Les nominations de Michel Rocard et d’Alain Juppé sont une garantie de sérieux. Mais le grand emprunt n’est pas un remède miracle ! Cela peut même être un piège. Il faut d’abord être sûr que l’argent sera bien dépensé. Et puis cet emprunt risque d’envoyer un mauvais message à ceux qui ont entre leurs mains les cordons de la bourse. On dit qu’il y a de l’argent sur la table, autrement dit, dépensez ! C’est comme mettre une nouvelle bouteille sur la table d’un alcoolique. Or, nous sommes dans une situation extrêmement détériorée, avec une dette publique dépassant 80 % du PIB, des déficits publics de 7,5 %.

Henri Guaino, le conseiller de Sarkozy, assure qu’il y a de bons et de mauvais déficits…

Quand on a atteint un certain seuil d’obésité, il n’y a pas de bonne ou de mauvaise graisse. Il y a un risque pour la santé de notre pays et pour la reprise. Aujourd’hui, nous perdons du temps. Peut-être à cause des résultats en trompe-l’oeil des européennes.

Les élections européennes n’ont-elles pas été un succès pour l’UMP ?

Un succès trompeur hélas : avec la force de l’abstention, il serait erroné de penser que les Français ont donné un satisfecit à la politique menée. Clarifions notre stratégie au lieu de prolonger à l’infini les débats sur les priorités. Nous devons ouvrir pour les trois dernières années du quinquennat les chantiers majeurs : l’emploi, l’innovation et la lutte contre les déficits.

La commission Rocard-Juppé ne rogne-t-elle pas sur les prérogatives du Premier ministre ?

On peut faire confiance aux deux anciens Premiers ministres, mais attention à la multiplication des missions et des commissions qui peuvent créer la confusion et la dilution des responsabilités au sein de l’Etat.

On dit que Sarkozy a changé…

Les prochains mois nous le diront. Un homme d’Etat doit savoir changer, se métamorphoser pour prendre la mesure de situations et responsabilités différentes. Plus que jamais, on attend du président de la République qu’il soit au-dessus des partis, rassembleur et défenseur de l’intérêt général : le guide, l’arbitre et le garant.

Vous affronterez le procès Clearstream en septembre. Craignez-vous toujours un procès politique ?

J’attends cette échéance avec impatience. J’attends que la justice aille jusqu’au bout et que l’on sorte des rumeurs et des mensonges.

Vous venez de créer un club politique. La prochaine étape, c’est une candidature aux régionales avant la présidentielle en 2012 ?

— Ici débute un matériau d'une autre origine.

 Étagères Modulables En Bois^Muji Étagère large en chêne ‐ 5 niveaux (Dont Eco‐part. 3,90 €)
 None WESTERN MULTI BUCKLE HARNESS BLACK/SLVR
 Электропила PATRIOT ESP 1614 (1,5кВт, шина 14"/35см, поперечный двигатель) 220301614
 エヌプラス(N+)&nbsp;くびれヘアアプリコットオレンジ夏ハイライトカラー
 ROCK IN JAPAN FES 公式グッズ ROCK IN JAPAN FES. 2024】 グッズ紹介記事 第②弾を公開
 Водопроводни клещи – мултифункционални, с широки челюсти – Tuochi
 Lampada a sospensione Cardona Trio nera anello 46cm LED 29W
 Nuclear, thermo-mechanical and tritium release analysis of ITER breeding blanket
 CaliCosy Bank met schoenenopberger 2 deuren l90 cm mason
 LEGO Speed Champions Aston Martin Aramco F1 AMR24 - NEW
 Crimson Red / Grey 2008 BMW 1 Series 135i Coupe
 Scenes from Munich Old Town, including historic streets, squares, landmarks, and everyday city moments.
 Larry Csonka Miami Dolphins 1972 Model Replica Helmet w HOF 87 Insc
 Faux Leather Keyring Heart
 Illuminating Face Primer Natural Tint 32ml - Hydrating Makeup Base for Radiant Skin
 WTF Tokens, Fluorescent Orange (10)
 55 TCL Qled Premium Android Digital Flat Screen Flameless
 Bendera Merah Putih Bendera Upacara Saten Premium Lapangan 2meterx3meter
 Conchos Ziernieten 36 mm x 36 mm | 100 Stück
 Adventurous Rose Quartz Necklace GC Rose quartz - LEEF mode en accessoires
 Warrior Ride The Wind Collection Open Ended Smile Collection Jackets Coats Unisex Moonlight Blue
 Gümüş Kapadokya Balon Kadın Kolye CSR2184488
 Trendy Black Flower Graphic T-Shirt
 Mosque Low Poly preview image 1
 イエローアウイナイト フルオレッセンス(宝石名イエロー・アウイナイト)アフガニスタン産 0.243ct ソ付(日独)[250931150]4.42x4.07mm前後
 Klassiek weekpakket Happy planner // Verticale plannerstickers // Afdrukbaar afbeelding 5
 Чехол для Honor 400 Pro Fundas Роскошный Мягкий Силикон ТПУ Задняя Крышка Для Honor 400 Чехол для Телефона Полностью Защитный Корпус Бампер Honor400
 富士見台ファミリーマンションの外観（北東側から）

Je me prononcerai le moment venu. Mais je veux dès maintenant rassembler autour de moi des sensibilités et des opinions très diverses qui ont en commun une même exigence pour la France. Le Club Villepin, créé à l’initiative de l’ancienne ministre Brigitte Girardin, répond à un devoir d’engagement. Il veut œuvrer à la défense de nos valeurs républicaines et de nos institutions dans un esprit de justice sociale, avec le souci d’encourager le rayonnement de notre pays et son indépendance.

Mais, pour vous, la vraie échéance reste 2012…

C’est l’échéance centrale de notre vie politique. Les Français ont besoin d’alternatives.

Comment jugez-vous la crise au PS ?

C’est à la fois une crise du leadership et des idées au sein de la gauche. Le PS bute sur des sujets de fond : quelles réponses sur la sécurité, sur un nouveau modèle de solidarité, sur l’identité française. Ma
is je ne me réjouis pas des difficultés des socialistes. On ne construit pas une politique avec le vide autour de soi. Nous avons besoin d’une opposition forte.